Keep to one stretch of the data below, the lines from the one with "B-catの円周率1310桁に呆然とするカエル Big T-Shirt" up to and including the one with "The Unworldly Terror", and return that stretch exactly.

**** Materials provided

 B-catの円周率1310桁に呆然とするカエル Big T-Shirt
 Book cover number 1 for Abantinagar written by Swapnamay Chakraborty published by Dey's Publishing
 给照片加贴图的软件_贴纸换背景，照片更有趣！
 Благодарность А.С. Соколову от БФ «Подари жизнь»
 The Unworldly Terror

********
**** Materials provided

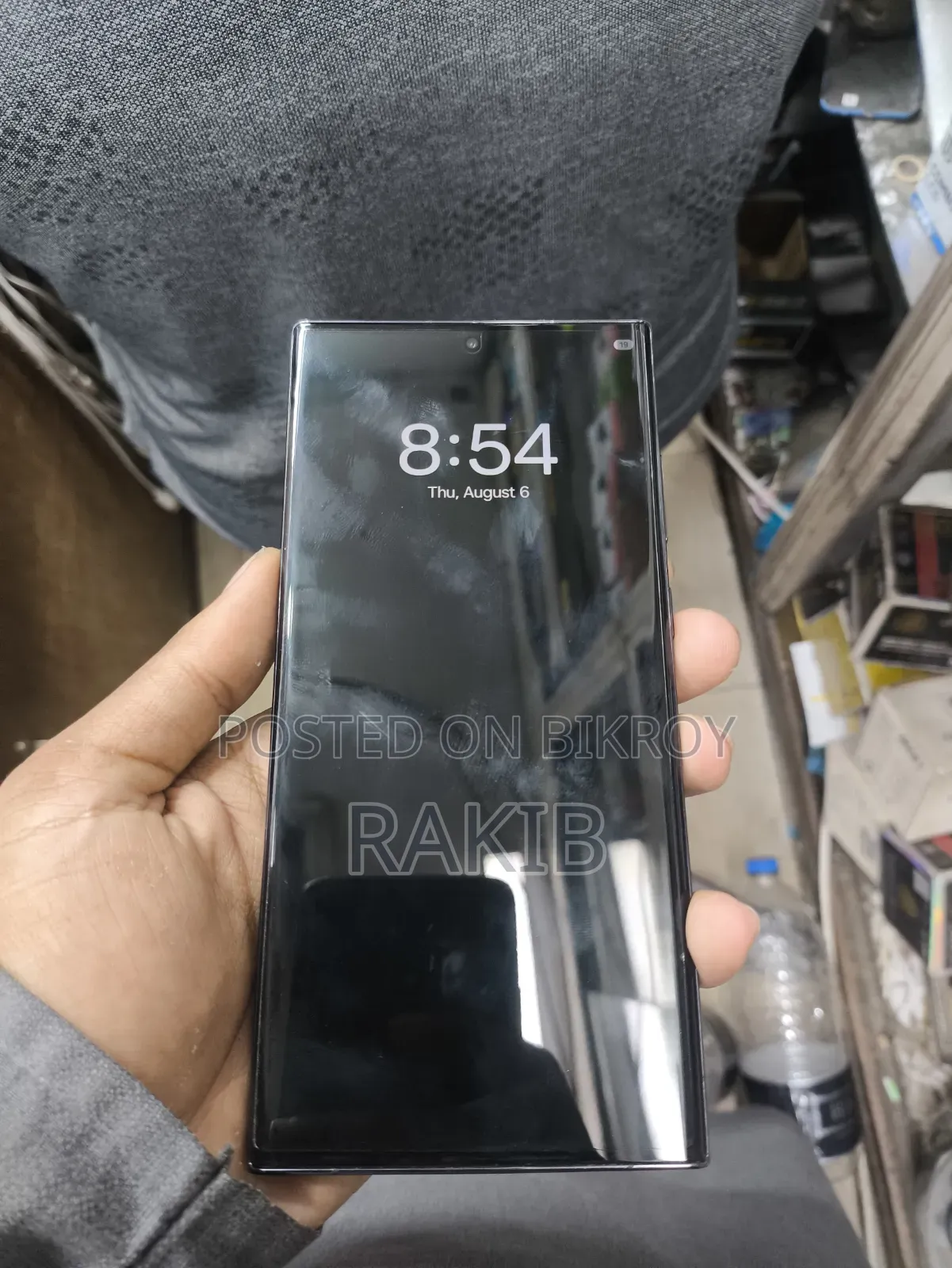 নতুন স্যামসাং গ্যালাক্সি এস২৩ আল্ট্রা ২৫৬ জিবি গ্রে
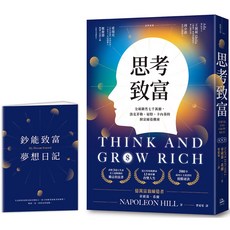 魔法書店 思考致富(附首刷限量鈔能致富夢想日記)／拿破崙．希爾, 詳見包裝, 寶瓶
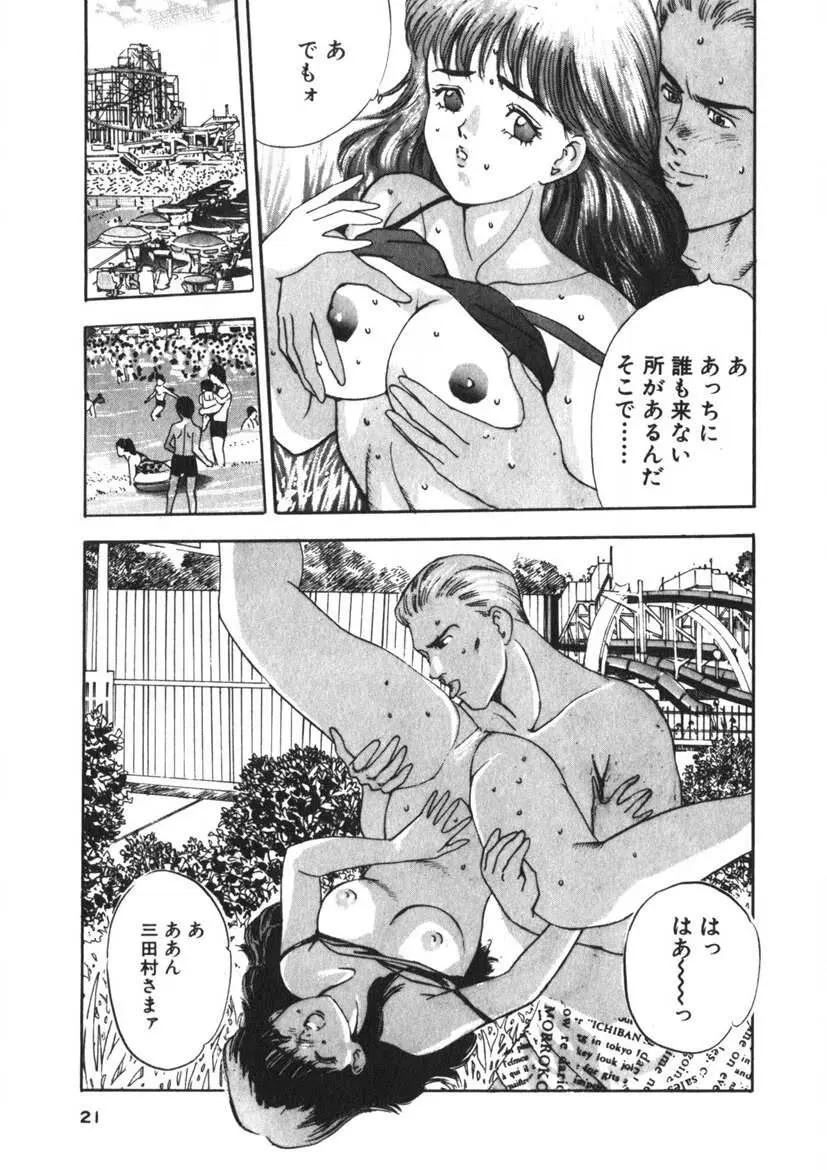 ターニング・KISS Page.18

********
**** Materials provided

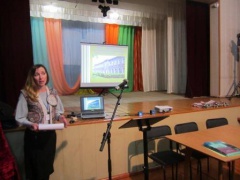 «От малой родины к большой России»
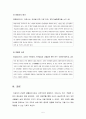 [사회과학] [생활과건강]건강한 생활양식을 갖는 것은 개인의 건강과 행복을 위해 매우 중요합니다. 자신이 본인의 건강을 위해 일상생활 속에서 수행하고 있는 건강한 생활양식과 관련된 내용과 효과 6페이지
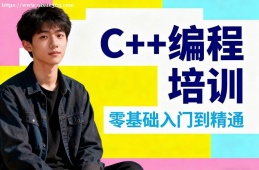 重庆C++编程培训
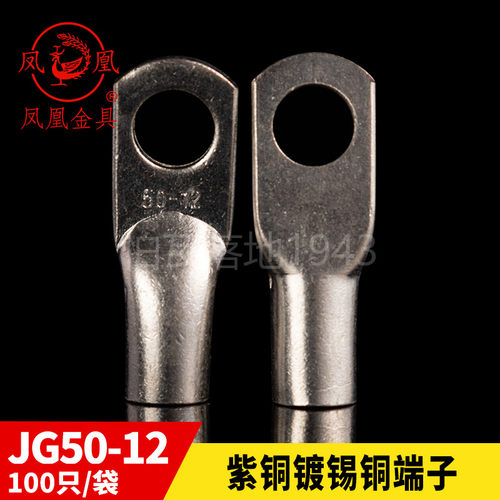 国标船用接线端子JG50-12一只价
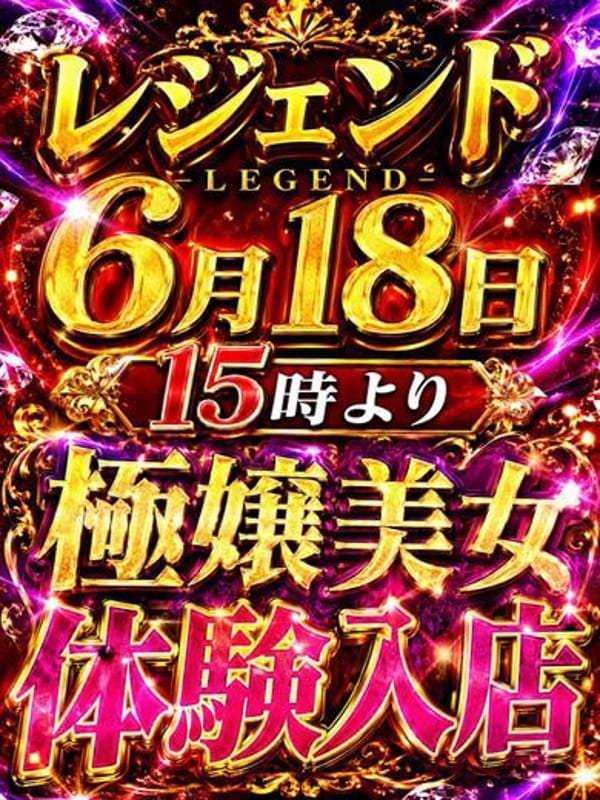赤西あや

********

## Completed exercise
 B-catの円周率1310桁に呆然とするカエル Big T-Shirt
 Book cover number 1 for Abantinagar written by Swapnamay Chakraborty published by Dey's Publishing
 给照片加贴图的软件_贴纸换背景，照片更有趣！
 Благодарность А.С. Соколову от БФ «Подари жизнь»
 The Unworldly Terror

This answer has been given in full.